Image Credit: NASA / JPL Tech

NASA launched the Voyager probes more than 40 years ago, and the fact we’re still talking about the impact of these spacecraft is a testament to how well-planned these missions were. Both Voyager 1 and 2 are outside the solar system now, but there’s plenty to see out there in the interstellar medium (ISM). A newly published study from the University of Iowa says that the Voyager probes have discovered an entirely new kind of “electron burst” related to coronal mass ejections on the sun. 

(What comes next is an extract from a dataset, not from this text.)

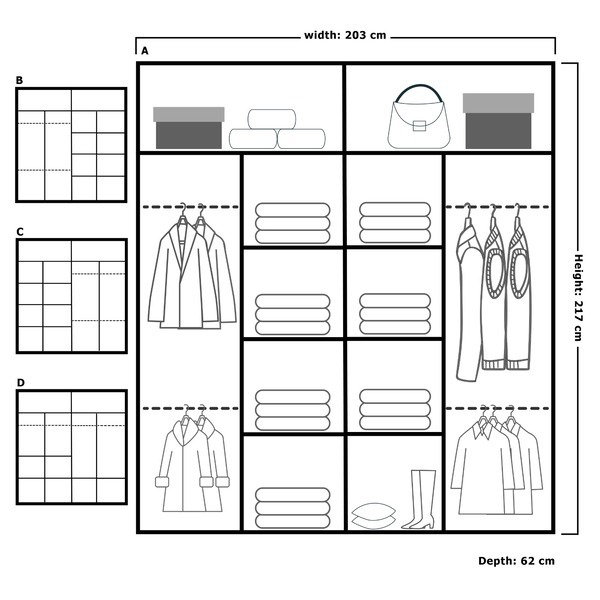 Moscow Sliding Wardrobe with Mirror Modern Bedroom Wardrobe 4 Colours 3 Sizes, 217cm H x 203cm W x 62cm D, Black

The Voyager probes were launched within weeks of each other in 1977, taking advantage of a fortuitous alignment of the planets that occurs only once every 175 years. The spacecraft took different routes through the outer solar system, with Voyager 1 swinging past Jupiter and Saturn while Voyager 2 visited Jupiter, Saturn, Uranus, and Neptune. The probes got a gravity boost from these massive planets, flinging them out of the solar system. In 2012, Voyager 1 crossed the “heliopause,” the region of space where the solar wind dissipates and gives way to the ISM. Voyager 2, which took a more circuitous route, did the same in 2018. 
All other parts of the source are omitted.